On Thu, Jan 15, 2004 at 11:38:39AM -0800, Laurent Therond wrote:
> Maybe you have a minute to clarify the following matter...
> 
> Consider:
> 
> ---
> 
> from cStringIO import StringIO
> 
> def bencode_rec(x, b):
>     t = type(x)
> 
>     if t is str:
>         b.write('%d:%s' % (len(x), x))
>     else:
>         assert 0
> 
> def bencode(x):
>     b = StringIO()
> 
>     bencode_rec(x, b)
> 
>     return b.getvalue()
> 
> ---
> 
> Now, if I write bencode('failure reason') into a socket, what will I get
> on the other side of the connection?
> 
> a) A sequence of bytes where each byte represents an ASCII character

  Yes.

> 
> b) A sequence of bytes where each byte represents the UTF-8 encoding of a
> Unicode character

  Coincidentally, yes.  This is not because the unicode you wrote to the
socket is encoded as UTF-8 before it is sent, but because the *non*-unicode
you wrote to the socket *happened* to be a valid UTF-8 byte string (All
ASCII byte strings fall into this coincidental case).

> 
> c) It depends on the system locale/it depends on what the site module
> specifies using setdefaultencoding(name)

  Not at all.  'failure reason' isn't unicode, there are no unicode
transformations going on in the example program, the default encoding is
never used and has no effect on the program's behavior.

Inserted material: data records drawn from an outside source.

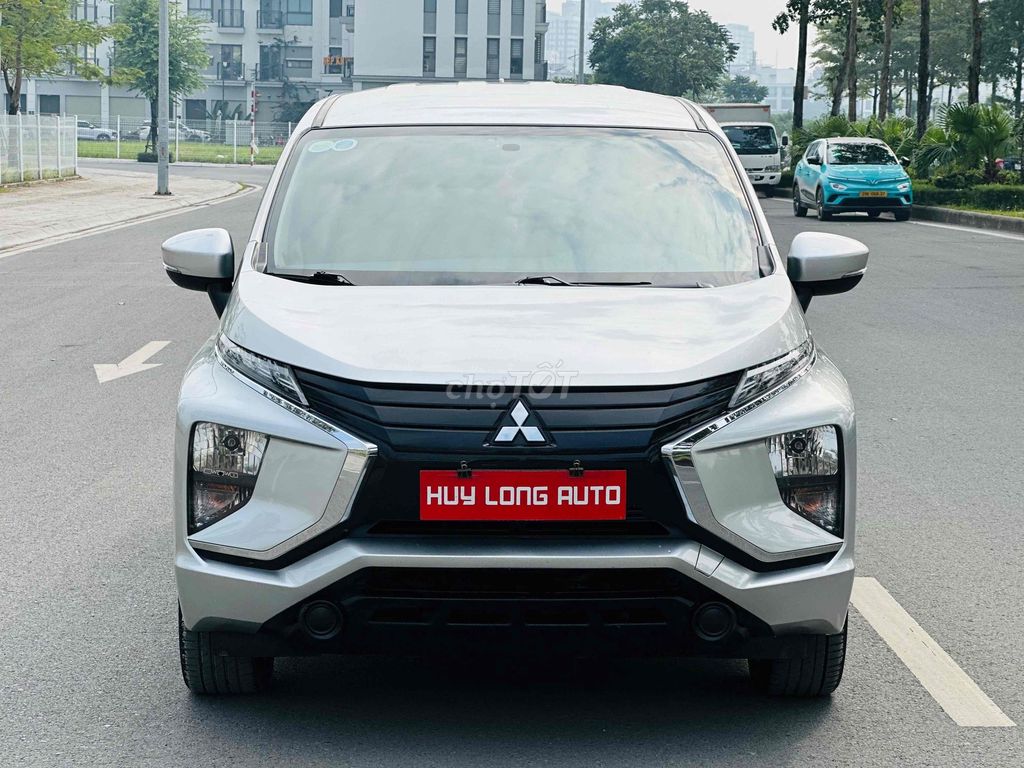 Mitsubishi Xpander 2019 1.5MT - 100000 km. Mua bán Ô tô tại Quận Hoàng Mai Hà Nội được đăng bởi anh Biên hình 1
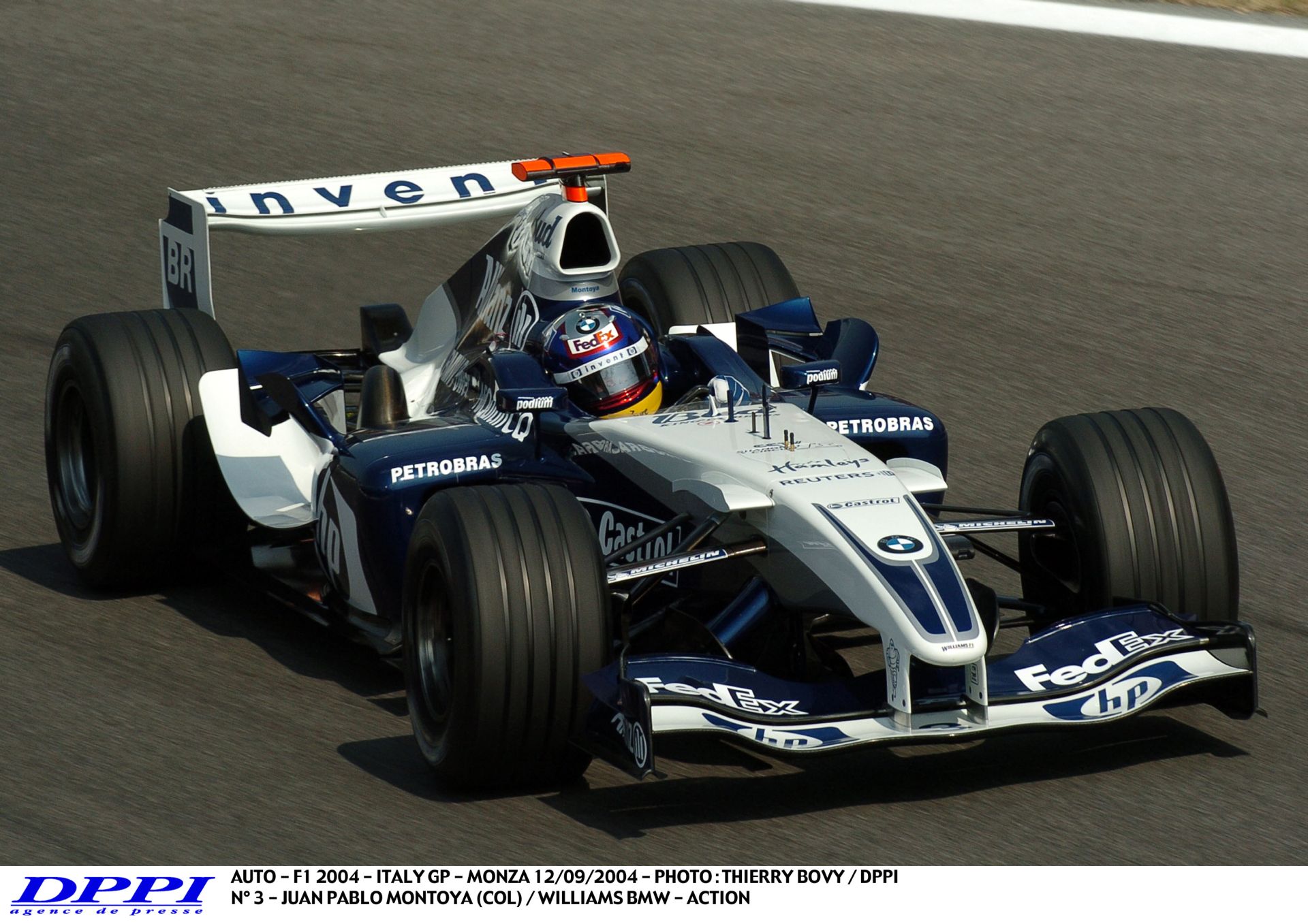 Ennyivel voltak gyorsabbak a 2004-es F1-es autók! Montoya Vs. Hamilton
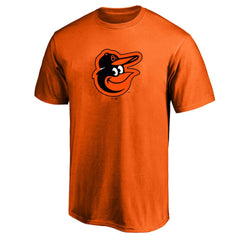 Pete Alonso Baltimore Orioles Profile Big & Tall Name & Number T-Shirt Orange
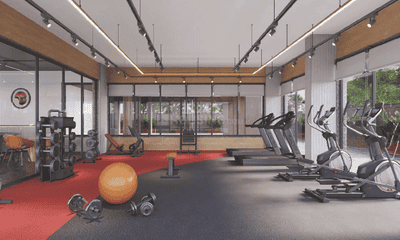 Image of 3186 Sq.ft 4 BHK Apartment / Flat for sale in Ganesh Legacy, Vaishno Devi Circle, Ahmedabad for Rs. 14200000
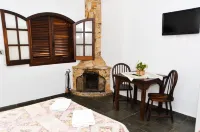 Hotel Fazenda Villa Galicia -  Ferienhäuser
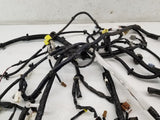 03-04 NISSAN 350Z M/T Body Wire Harness OEM 24014-CD002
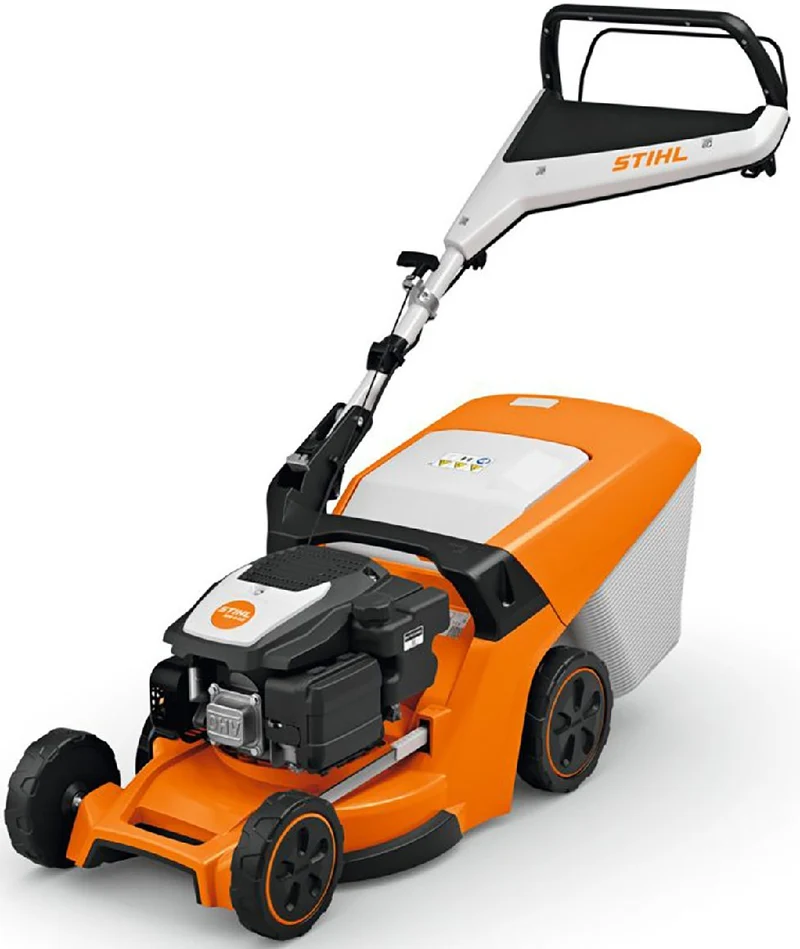 STIHL Benzin-Rasenmäher RM 443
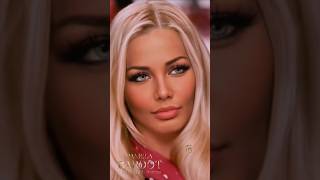 Pamela Bardot talks about model actress interview iconic celebrity tvshow actor film [upl. by Aicilla810]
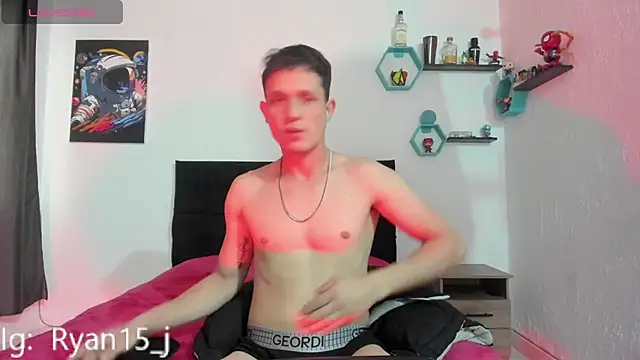 Snapshot of RyanHorseman chatting on 02/19/25, 02:34 RyanHorseman online show from 02/19/25, 02:34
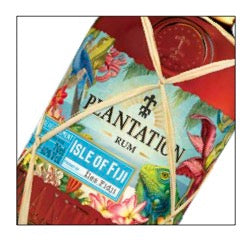 Plantation Isle of Fiji (700 mL)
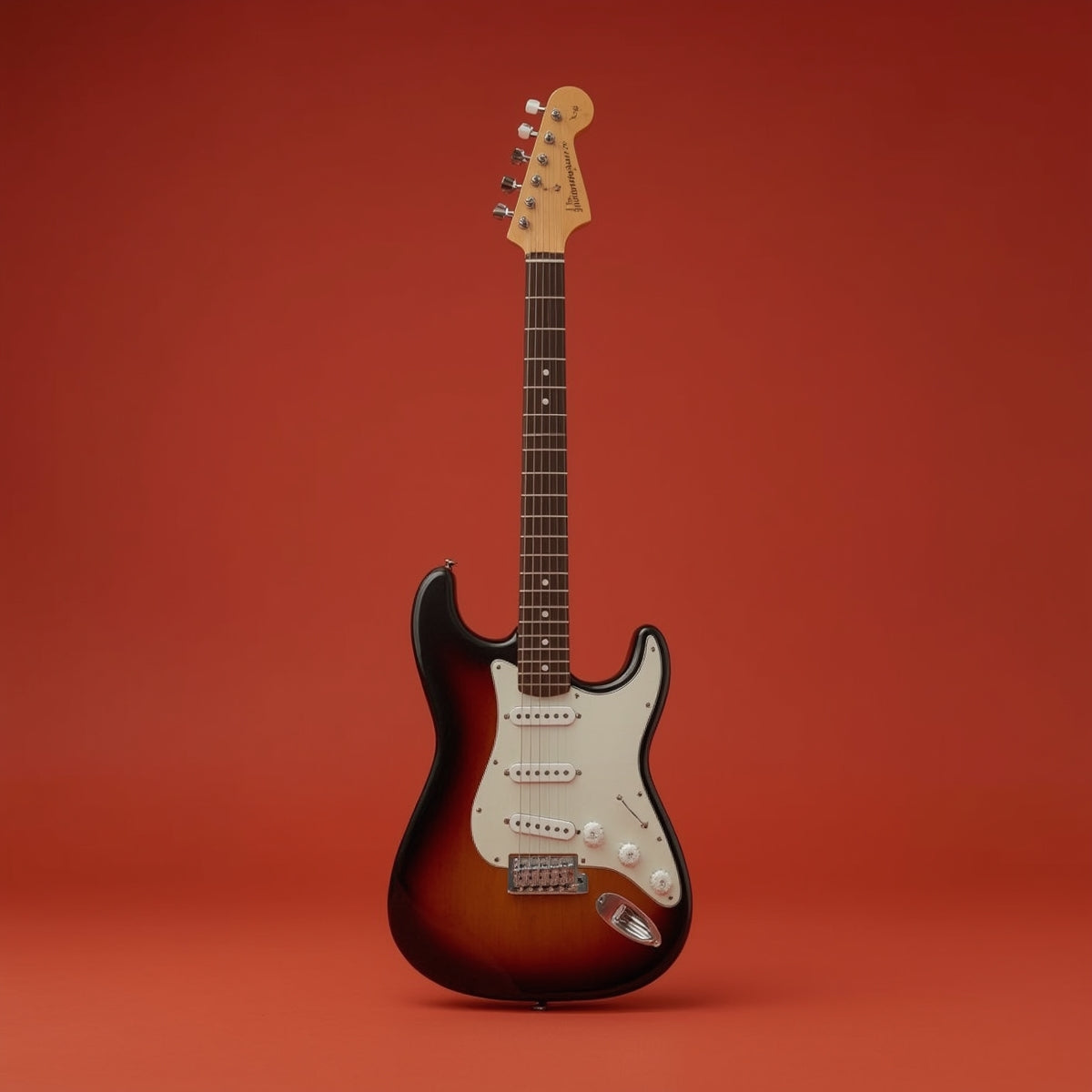 Guitarras eléctricas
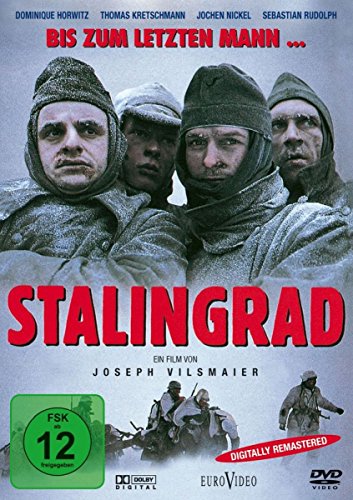 Stalingrad - Bis zum letzten Mann Stalingrad - Bis zum letzten Mann von AL!VE AG
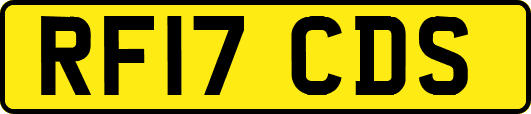 RF17CDS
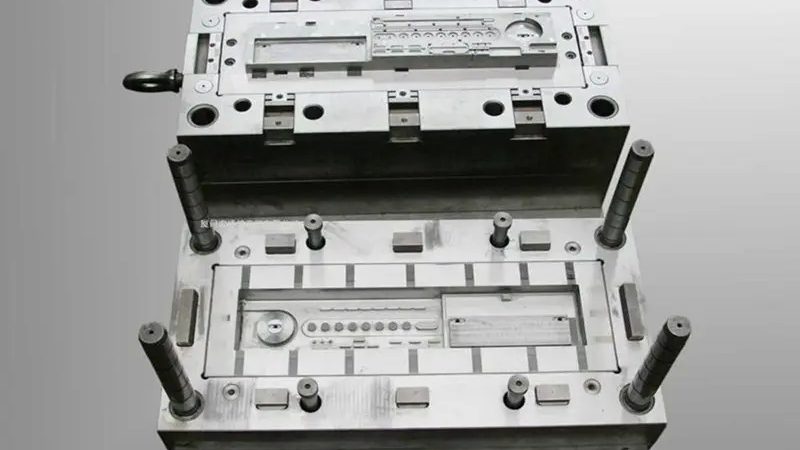 模具寿命的秘密：揭秘模具材料选择的关键**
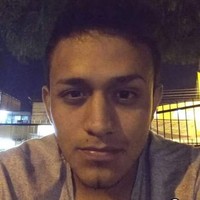 Anthony Sánchez Castro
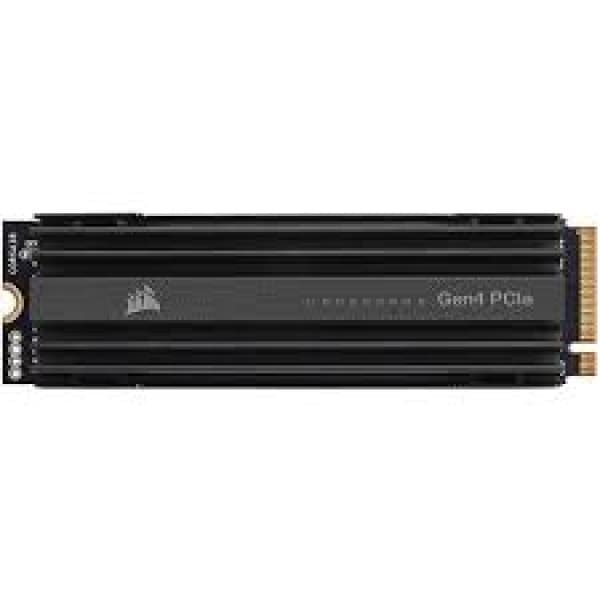 SSD M.2 NVMe Corsair 1TB MP600 PRO LPX Gen4x4 58007100MBs CSSD-F1000GBMP600PLP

  bencode_rec has an assert in it for a reason.  *Only* byte strings can be
sent using it.  If you want to send unicode, you'll have to encode it
yourself and send the encoded bytes, then decode it on the other end.  If
you choose to depend on the default system encoding, you'll probably end up
with problems, but if you explicitly select an encoding yourself, you won't.

  Jp